Removing Excess Whitespace from a String
I was looking for the most efficient way to remove excess white space from a string and wrote the following benchmark. Guess which algorithm is faster?
const int iterations = 200000;
const string expr = " Hello world! Why are so many spaces?
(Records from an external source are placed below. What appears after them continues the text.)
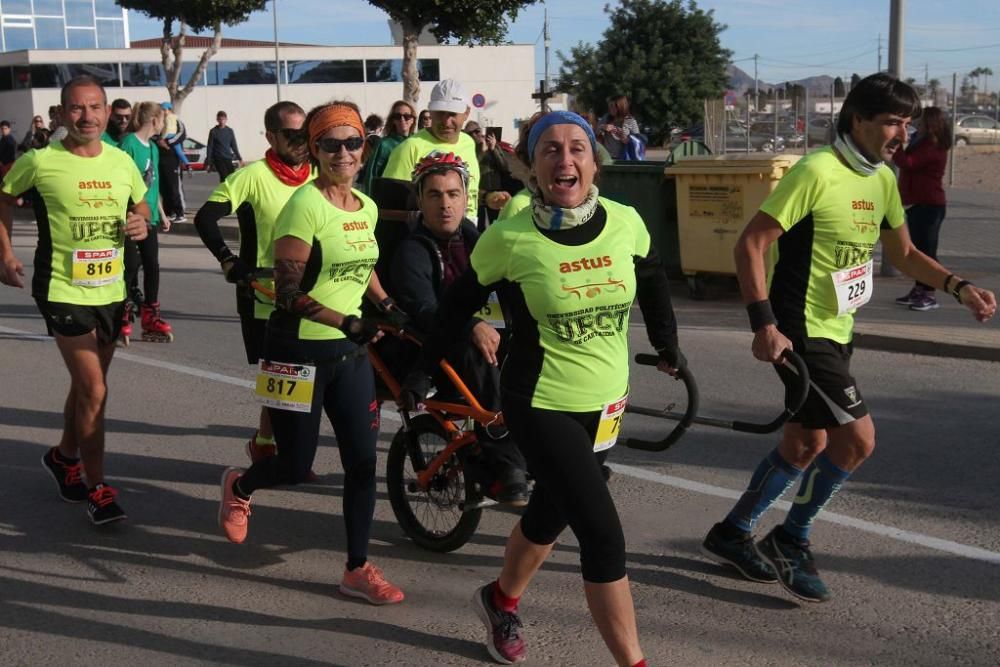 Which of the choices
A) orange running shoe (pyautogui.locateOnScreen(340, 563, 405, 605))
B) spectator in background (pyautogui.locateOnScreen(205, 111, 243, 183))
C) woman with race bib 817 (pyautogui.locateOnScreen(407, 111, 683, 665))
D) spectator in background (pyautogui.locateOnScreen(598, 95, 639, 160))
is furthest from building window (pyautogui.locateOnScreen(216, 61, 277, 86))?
woman with race bib 817 (pyautogui.locateOnScreen(407, 111, 683, 665))

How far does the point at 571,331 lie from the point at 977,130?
48.8 metres

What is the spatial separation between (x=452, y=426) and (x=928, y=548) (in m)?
2.01

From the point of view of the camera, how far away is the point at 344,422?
4609 mm

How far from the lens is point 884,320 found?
10.3 metres

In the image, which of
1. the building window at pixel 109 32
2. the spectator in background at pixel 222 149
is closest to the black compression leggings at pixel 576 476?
the spectator in background at pixel 222 149

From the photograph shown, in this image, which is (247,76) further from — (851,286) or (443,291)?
(851,286)

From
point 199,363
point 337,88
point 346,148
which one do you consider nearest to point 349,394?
point 346,148

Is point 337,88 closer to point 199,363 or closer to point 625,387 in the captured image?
point 199,363

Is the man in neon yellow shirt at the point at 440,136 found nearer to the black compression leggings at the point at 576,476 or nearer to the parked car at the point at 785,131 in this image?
the black compression leggings at the point at 576,476

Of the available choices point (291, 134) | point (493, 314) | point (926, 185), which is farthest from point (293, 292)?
point (926, 185)

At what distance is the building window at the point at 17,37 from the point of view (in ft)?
339

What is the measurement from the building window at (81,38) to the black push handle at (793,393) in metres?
111

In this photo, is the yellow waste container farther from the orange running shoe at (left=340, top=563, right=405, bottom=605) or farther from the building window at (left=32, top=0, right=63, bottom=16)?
the building window at (left=32, top=0, right=63, bottom=16)

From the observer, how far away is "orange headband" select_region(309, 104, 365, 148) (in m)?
4.52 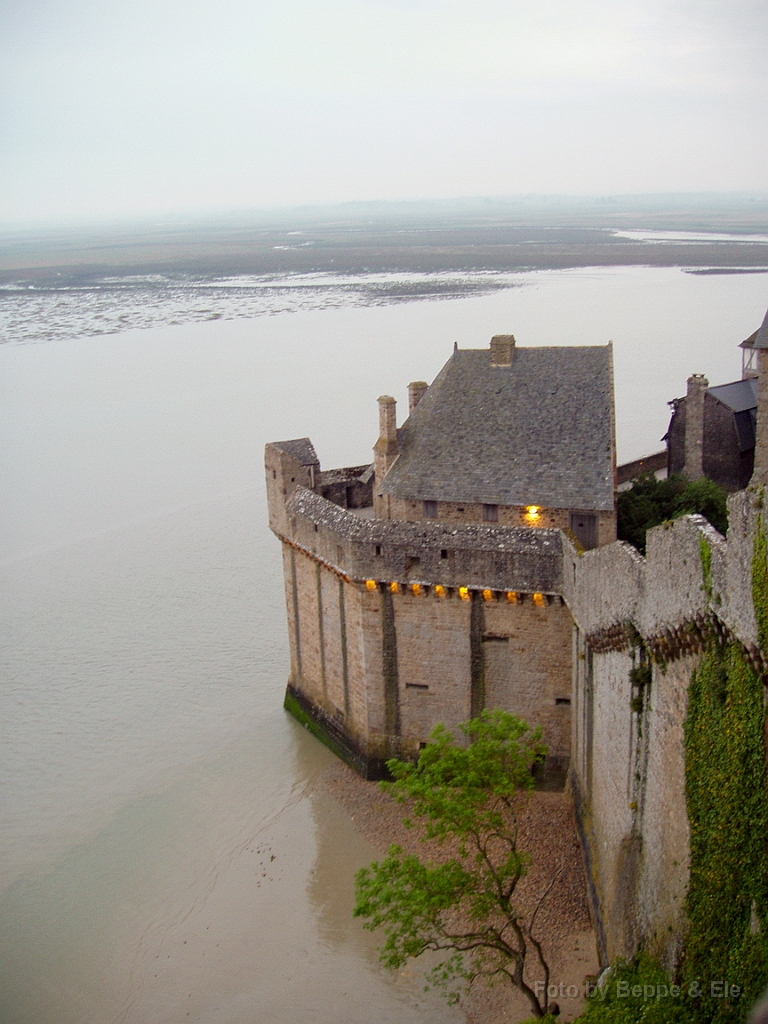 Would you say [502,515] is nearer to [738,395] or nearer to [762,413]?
[762,413]

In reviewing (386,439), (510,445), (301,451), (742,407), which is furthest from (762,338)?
(301,451)

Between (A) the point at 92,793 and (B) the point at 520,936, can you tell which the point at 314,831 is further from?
(B) the point at 520,936

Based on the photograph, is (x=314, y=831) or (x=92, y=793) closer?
(x=314, y=831)

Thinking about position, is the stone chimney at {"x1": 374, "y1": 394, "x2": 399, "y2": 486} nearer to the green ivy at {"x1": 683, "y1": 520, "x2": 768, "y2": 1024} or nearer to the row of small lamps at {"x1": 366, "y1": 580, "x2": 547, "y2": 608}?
the row of small lamps at {"x1": 366, "y1": 580, "x2": 547, "y2": 608}

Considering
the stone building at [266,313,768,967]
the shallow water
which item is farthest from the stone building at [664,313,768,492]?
the shallow water

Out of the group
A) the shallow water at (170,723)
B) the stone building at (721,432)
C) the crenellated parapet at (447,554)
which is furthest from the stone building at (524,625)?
the stone building at (721,432)

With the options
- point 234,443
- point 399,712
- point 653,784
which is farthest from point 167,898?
point 234,443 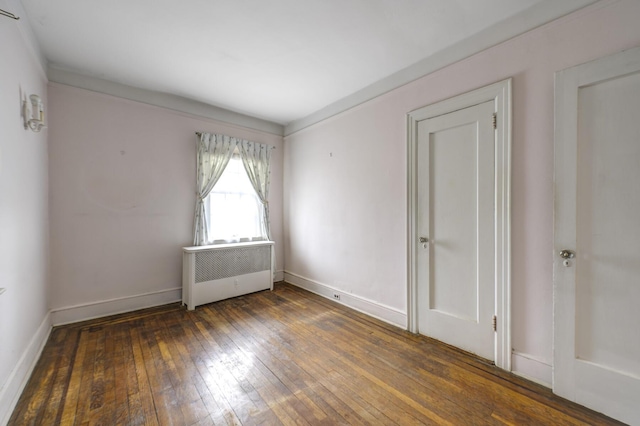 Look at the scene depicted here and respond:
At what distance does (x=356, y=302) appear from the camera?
333 centimetres

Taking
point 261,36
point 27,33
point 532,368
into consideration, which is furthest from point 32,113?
point 532,368

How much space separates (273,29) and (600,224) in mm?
2790

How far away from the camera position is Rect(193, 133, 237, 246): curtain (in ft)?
12.0

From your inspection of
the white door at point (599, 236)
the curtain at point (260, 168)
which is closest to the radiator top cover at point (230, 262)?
the curtain at point (260, 168)

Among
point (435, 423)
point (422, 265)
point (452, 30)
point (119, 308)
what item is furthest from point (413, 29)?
point (119, 308)

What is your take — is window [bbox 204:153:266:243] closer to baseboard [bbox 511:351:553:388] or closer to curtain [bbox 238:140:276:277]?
curtain [bbox 238:140:276:277]

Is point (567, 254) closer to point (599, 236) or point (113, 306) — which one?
point (599, 236)

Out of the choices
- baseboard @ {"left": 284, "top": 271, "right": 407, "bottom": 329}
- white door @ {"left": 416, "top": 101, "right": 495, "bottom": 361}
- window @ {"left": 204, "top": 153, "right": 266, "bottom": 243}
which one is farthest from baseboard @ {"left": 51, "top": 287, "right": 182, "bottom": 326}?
white door @ {"left": 416, "top": 101, "right": 495, "bottom": 361}

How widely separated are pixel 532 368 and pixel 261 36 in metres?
3.46

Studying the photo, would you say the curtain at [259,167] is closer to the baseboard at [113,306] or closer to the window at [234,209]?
the window at [234,209]

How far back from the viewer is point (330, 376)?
199 cm

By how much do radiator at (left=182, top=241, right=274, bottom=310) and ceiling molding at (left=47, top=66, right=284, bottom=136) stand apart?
1930 mm

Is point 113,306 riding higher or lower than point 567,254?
lower

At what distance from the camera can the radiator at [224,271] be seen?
3375mm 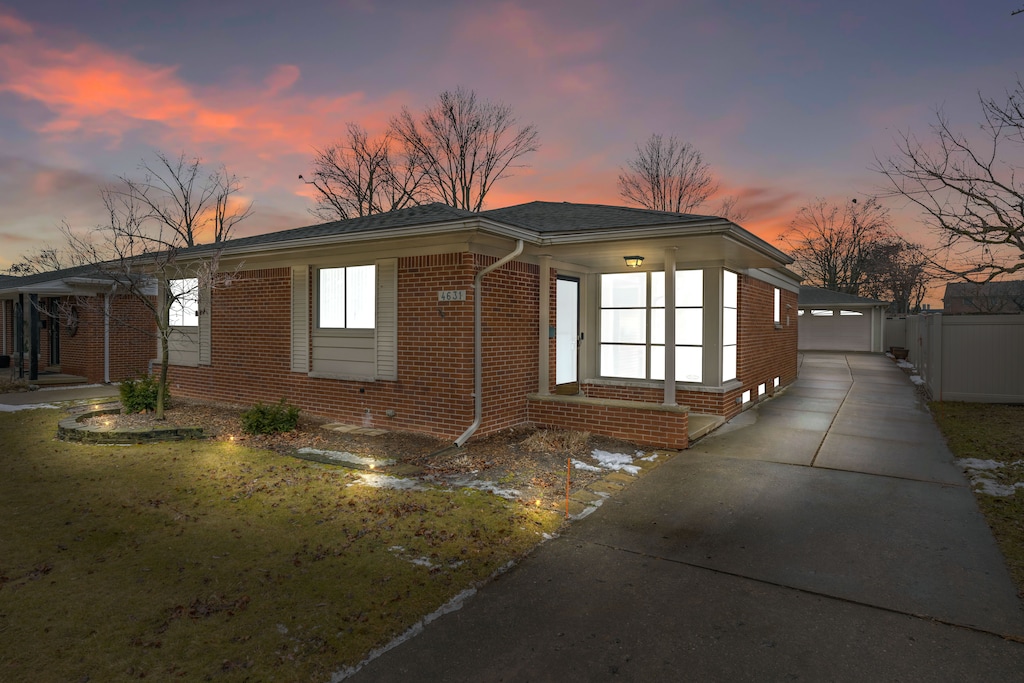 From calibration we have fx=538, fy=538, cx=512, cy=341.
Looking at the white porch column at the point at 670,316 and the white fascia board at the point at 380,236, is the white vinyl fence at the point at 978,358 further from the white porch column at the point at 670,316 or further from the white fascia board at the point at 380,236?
the white fascia board at the point at 380,236

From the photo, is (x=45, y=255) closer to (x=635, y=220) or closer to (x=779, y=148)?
(x=635, y=220)

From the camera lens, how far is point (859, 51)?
34.6ft

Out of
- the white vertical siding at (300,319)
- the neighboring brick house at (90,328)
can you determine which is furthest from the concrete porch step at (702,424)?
the neighboring brick house at (90,328)

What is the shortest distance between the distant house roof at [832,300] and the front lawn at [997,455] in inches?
739

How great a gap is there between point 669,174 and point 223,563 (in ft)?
114

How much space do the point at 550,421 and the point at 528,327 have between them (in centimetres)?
160

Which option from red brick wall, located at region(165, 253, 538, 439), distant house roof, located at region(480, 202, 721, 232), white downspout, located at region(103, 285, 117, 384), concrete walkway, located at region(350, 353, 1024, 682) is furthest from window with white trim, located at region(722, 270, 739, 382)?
white downspout, located at region(103, 285, 117, 384)

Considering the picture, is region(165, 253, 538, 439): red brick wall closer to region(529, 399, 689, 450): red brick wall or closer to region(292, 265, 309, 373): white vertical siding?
region(292, 265, 309, 373): white vertical siding

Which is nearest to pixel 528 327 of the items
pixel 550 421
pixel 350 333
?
pixel 550 421

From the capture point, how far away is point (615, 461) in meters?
7.04

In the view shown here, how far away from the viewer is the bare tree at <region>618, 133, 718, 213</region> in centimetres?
3366

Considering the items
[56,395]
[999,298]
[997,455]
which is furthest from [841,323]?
[56,395]

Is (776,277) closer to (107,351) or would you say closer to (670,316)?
(670,316)

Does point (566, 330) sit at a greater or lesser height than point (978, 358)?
greater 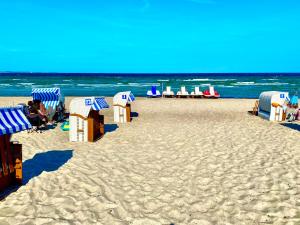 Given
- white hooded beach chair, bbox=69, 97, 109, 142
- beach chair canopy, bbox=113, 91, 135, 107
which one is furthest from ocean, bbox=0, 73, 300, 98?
white hooded beach chair, bbox=69, 97, 109, 142

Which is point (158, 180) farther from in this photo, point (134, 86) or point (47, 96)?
point (134, 86)

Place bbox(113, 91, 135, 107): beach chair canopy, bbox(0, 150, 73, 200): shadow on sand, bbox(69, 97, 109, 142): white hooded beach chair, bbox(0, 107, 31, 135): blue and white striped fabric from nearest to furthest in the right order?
bbox(0, 107, 31, 135): blue and white striped fabric < bbox(0, 150, 73, 200): shadow on sand < bbox(69, 97, 109, 142): white hooded beach chair < bbox(113, 91, 135, 107): beach chair canopy

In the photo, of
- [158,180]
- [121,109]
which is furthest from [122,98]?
[158,180]

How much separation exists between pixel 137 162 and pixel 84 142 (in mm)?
3045

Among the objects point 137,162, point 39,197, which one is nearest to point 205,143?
point 137,162

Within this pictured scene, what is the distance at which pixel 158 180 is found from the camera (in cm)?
742

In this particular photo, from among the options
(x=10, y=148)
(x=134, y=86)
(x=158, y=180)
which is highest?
(x=134, y=86)

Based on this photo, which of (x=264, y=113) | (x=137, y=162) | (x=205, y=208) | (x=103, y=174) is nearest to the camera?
(x=205, y=208)

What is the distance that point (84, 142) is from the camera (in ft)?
37.0

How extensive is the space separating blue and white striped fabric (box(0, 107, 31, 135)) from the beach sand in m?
1.35

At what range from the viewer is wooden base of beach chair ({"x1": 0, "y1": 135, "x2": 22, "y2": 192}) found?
6292 mm

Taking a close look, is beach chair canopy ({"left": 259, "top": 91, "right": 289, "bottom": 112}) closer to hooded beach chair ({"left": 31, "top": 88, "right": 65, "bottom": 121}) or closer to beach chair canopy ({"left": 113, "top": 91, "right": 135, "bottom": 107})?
beach chair canopy ({"left": 113, "top": 91, "right": 135, "bottom": 107})

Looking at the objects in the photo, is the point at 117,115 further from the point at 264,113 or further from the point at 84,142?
the point at 264,113

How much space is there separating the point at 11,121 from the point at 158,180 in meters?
3.33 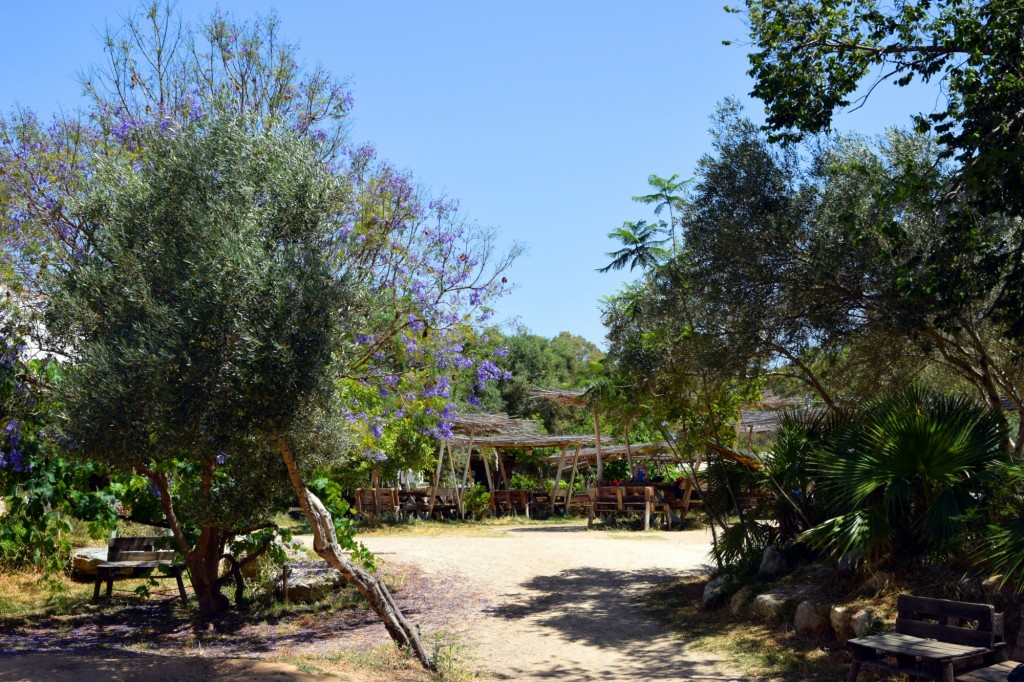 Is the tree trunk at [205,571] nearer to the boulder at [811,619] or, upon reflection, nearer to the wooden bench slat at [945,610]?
the boulder at [811,619]

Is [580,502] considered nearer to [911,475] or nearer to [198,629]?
[198,629]

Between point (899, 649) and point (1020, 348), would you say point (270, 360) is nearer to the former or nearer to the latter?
point (899, 649)

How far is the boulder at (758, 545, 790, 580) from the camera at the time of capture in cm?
1073

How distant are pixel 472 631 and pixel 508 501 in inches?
579

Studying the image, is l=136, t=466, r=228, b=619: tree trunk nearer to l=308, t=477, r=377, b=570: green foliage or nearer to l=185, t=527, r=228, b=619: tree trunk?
l=185, t=527, r=228, b=619: tree trunk

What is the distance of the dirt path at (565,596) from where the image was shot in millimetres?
9000

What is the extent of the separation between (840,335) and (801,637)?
11.2 ft

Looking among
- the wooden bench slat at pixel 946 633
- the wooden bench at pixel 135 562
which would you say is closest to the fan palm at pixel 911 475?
the wooden bench slat at pixel 946 633

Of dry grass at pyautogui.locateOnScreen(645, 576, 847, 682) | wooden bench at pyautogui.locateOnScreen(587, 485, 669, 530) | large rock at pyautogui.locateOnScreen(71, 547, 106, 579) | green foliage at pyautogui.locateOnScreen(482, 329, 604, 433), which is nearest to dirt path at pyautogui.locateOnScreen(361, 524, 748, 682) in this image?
dry grass at pyautogui.locateOnScreen(645, 576, 847, 682)

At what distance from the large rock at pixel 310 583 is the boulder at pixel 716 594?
5056 mm

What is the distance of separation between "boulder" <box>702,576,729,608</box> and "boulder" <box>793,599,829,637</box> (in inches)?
78.2

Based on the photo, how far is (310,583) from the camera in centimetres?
1239

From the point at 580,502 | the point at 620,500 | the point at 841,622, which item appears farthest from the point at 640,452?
the point at 841,622

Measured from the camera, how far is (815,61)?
8844 millimetres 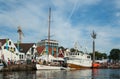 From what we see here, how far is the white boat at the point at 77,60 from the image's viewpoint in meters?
113

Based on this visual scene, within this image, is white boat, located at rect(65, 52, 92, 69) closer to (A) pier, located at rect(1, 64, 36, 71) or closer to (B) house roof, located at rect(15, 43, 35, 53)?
(B) house roof, located at rect(15, 43, 35, 53)

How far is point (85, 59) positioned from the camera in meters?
120

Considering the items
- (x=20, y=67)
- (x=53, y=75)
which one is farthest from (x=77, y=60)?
(x=53, y=75)

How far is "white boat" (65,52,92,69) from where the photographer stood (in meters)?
113

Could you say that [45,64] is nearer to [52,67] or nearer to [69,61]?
[52,67]

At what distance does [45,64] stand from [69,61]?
21959 millimetres

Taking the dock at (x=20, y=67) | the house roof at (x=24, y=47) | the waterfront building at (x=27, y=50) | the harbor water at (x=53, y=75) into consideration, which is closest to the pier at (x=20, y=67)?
the dock at (x=20, y=67)

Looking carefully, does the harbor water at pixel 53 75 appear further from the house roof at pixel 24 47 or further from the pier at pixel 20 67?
the house roof at pixel 24 47

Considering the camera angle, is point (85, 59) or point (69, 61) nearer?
point (69, 61)

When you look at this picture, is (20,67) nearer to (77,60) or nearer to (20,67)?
(20,67)

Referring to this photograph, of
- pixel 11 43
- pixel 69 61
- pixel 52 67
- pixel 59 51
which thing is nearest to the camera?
pixel 52 67

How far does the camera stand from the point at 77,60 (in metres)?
116

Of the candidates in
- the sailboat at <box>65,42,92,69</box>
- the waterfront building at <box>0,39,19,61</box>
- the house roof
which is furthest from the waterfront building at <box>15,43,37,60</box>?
the sailboat at <box>65,42,92,69</box>

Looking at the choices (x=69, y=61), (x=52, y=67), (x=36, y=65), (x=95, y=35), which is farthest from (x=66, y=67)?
(x=95, y=35) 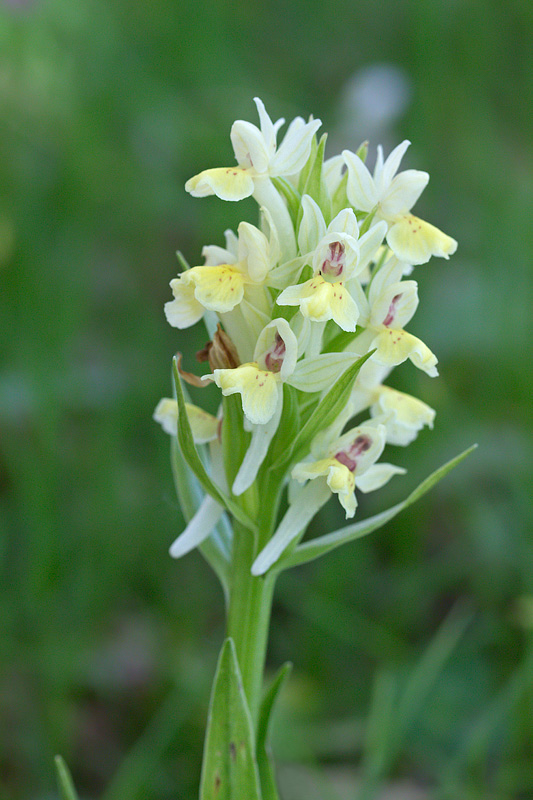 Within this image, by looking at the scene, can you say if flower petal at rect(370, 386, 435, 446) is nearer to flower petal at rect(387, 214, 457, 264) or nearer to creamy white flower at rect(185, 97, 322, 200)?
flower petal at rect(387, 214, 457, 264)

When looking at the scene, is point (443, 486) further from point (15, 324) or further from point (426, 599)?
point (15, 324)

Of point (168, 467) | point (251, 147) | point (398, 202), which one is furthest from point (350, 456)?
point (168, 467)

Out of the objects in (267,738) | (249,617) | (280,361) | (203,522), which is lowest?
(267,738)

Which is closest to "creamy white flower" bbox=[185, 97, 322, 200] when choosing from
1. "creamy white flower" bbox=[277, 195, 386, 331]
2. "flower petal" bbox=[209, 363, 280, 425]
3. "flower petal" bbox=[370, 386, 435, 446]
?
"creamy white flower" bbox=[277, 195, 386, 331]

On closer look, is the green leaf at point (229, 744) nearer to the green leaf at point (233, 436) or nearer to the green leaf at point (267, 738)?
the green leaf at point (267, 738)

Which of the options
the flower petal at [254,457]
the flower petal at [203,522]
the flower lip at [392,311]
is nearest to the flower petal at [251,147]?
the flower lip at [392,311]

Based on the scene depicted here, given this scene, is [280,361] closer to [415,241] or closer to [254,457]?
[254,457] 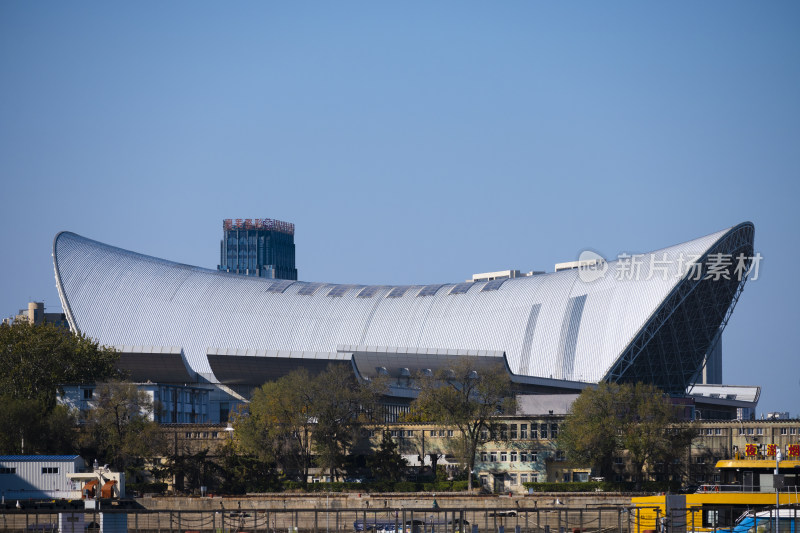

Testing One two three four five.";
// Remove excess space using Regex
var doRegex = new Action(() =>
{
for (int i = 0; i < iterations; i++)
{
var newStr = Regex.Replace(expr, @"\s{2,}", " ");
}
});
// Remove excess space using Split/Join
var doSplit = new Action(() =>
{
for (int i = 0; i < iterations; i++)
{
var newStr = String.Join(" ", expr.Split(new[] { ' ' }, StringSplitOptions.RemoveEmptyEntries));
}
});
var benchMark = new Func<string, Action, long>((name, a) => {
var sw = Stopwatch.StartNew();
a();
sw.Stop();
Console.WriteLine(name + ": " + sw.ElapsedMilliseconds);
return sw.ElapsedMilliseconds;
});
// Warming up
Console.WriteLine("Warming up.");
doRegex();
doSplit();
// Run benchmark
long regexElapsed = benchMark("Regex", doRegex);
long splitElapsed = benchMark("Split", doSplit);
On my PC, the Split method is about 7.5 times faster than Regex.